Set my defrag up last night before bed....woke up 8 hrs later and it had 1% complete???Any ideas?


----------



## itsmeitsmeitsme (Apr 29, 2002)

I would suggest running in safemode....this stops everything running in the background......when you first turn on computer hit f8 and this will give you the option of running in safemode.....i would run scandisk and then defragg both in safemode and you should be good to go


----------



## Rockn (Jul 29, 2001)

Normal for Windoze defrag to get confused with other apps accessing the hard drive. Do an alt+ctrl+del and do an end task on every item with the exception of systray and explore. Then try and run defrag. One particular office app that causes this is findfast, I just keep it from loading entirely on my PC and never have a problem with defrag.


----------



## GayleCSC (Jun 12, 2002)

Hope you ran a scan disk first..


----------



## Rollin' Rog (Dec 9, 2000)

This is a problem that really should be posted in the Operating Systems Forum. I'm going to move you to Win95/98/ME on the assumption that you have one of those.

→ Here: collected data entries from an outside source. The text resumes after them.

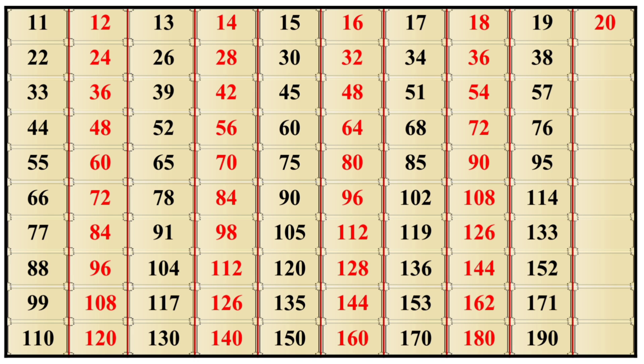20×1 is 20, 20×2 is 40, 20×3 is 60, 20×4 is 80, 20×5 is 100, 20×6 is 120, 20×7 is 140, 20×8 is 160, 20×9 is 180, 20×10 is 200.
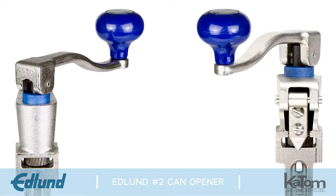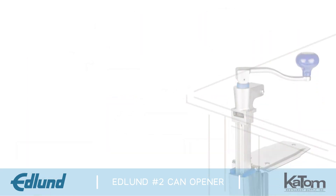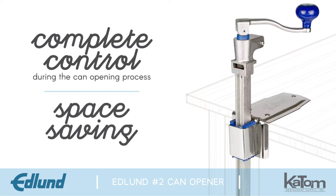Edlund's No. 2 Table Style Can Opener is the best solution for kitchens needing fast, efficient manual operation. This model offers the user complete control during the can opening process and does not take up any outlet space.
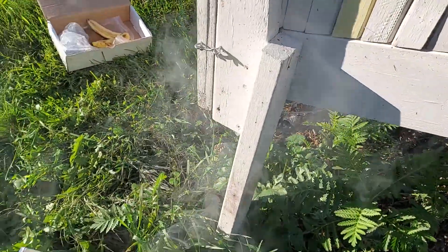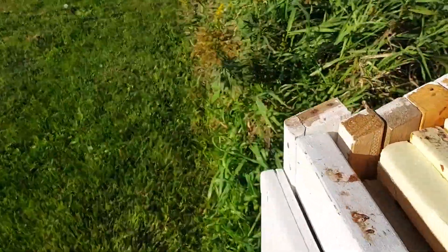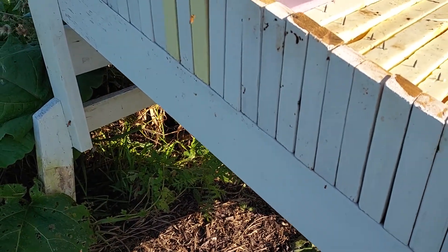They should be ornery but they're not — you can see the smoker down here, I haven't even used it, and so that's working out pretty good for this hive. You can just kind of wander around and the bees leave you alone, so that's good.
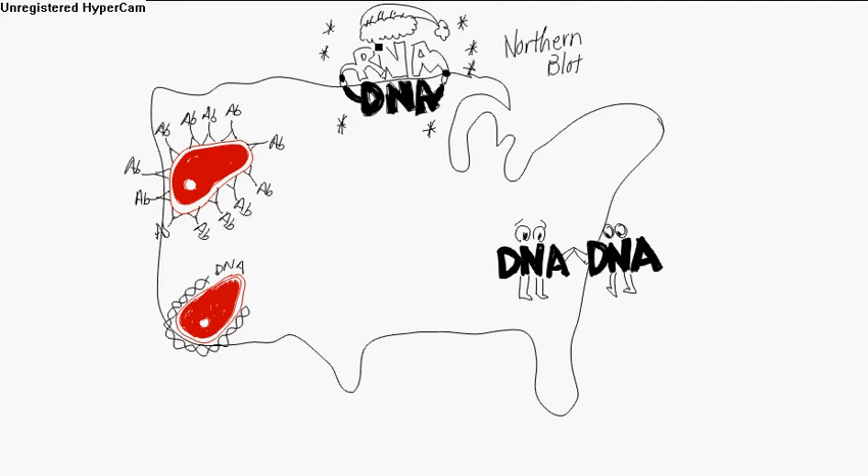That's the northern blot. Now the southern blot is very similar. You've got a DNA sample that's electrophoresed and exposed to another labeled DNA probe that binds to its complementary strand. So this is the southern area — down near Florida.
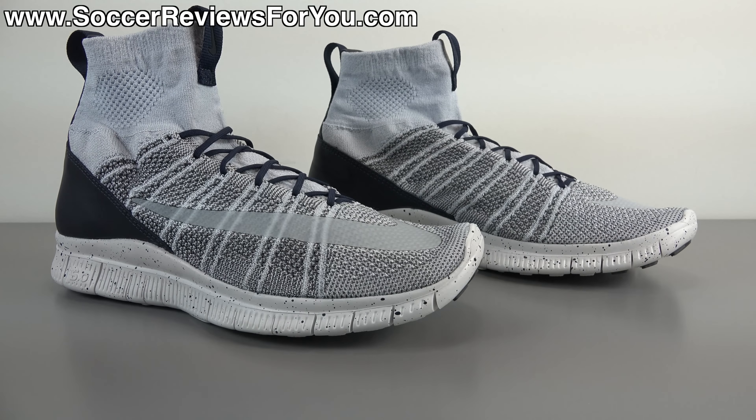In today's video we're going to take a closer look at the shoe, talk about the functionality — including whether you can use this as a soccer shoe — and look at how these things fit and feel on feet, covering everything you'd want to know about the Nike Free Flyknit Mercurial. So please stick around and watch the entire video.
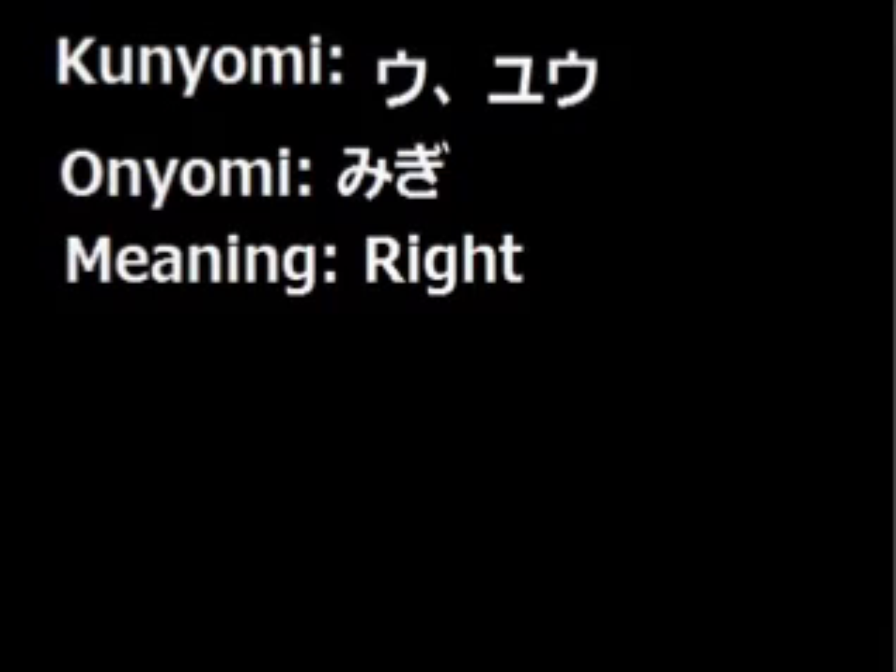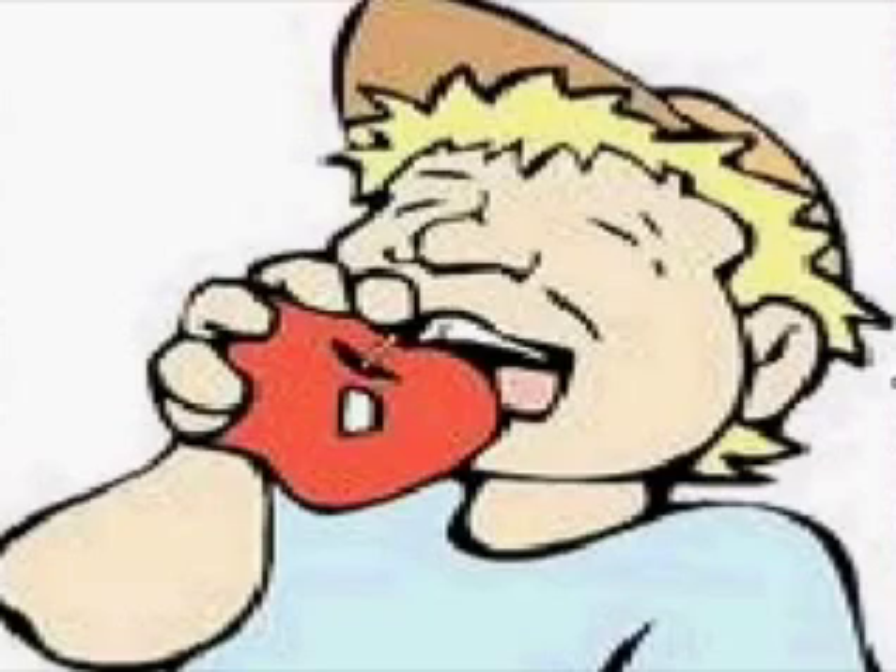Now let's see how to remember this kanji. The third, fourth and fifth stroke — the square box of the kanji — is actually the kanji for mouth. So you can relate this kanji as you eat with your right hand, and that becomes Write. Now is that not easy to remember?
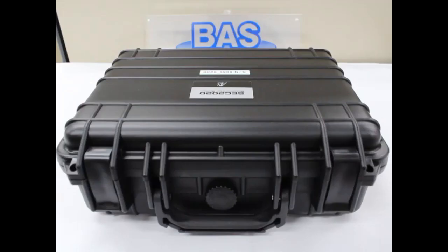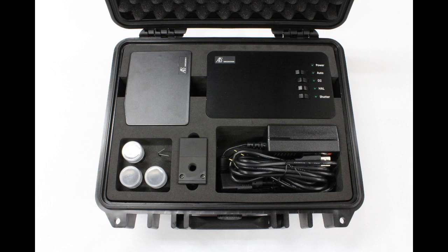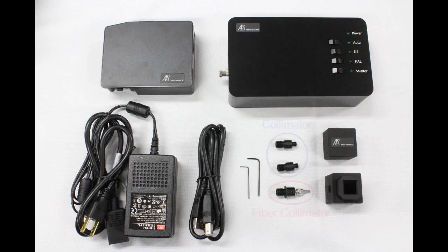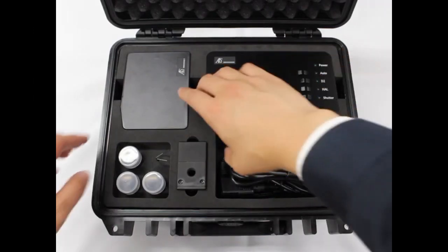The system is stored in a waterproof case. In the first level, you will find the spectrometer, light source, cuvette holder, collimators, power and USB cables. There are two types of collimator: two collimators and one fiber collimator.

In the meantime follow the instructions on the MS Article for deleting the Applog folder and doing a Disk Cleanup before running Defrag. If the problem continues, run it in Safe Mode.

http://support.microsoft.com/default.aspx?scid=kb;EN-US;q218160


----------



## flavallee (May 12, 2002)

Take a look at my article on hard drive maintenance at http://9337387.home.icq.com/index.html Hopefully, it will help you.


----------



## sluggo123 (Jun 28, 2006)

Rollin' Rog said:


> This is a problem that really should be posted in the Operating Systems Forum. I'm going to move you to Win95/98/ME on the assumption that you have one of those.
> 
> In the meantime follow the instructions on the MS Article for deleting the Applog folder and doing a Disk Cleanup before running Defrag. If the problem continues, run it in Safe Mode.
> 
> http://support.microsoft.com/default.aspx?scid=kb;EN-US;q218160


I started one similar on operating systems ME. It is still going on there. I do not know if this is the same thread or not. IF so how did it get away from operating systems ME etc.


----------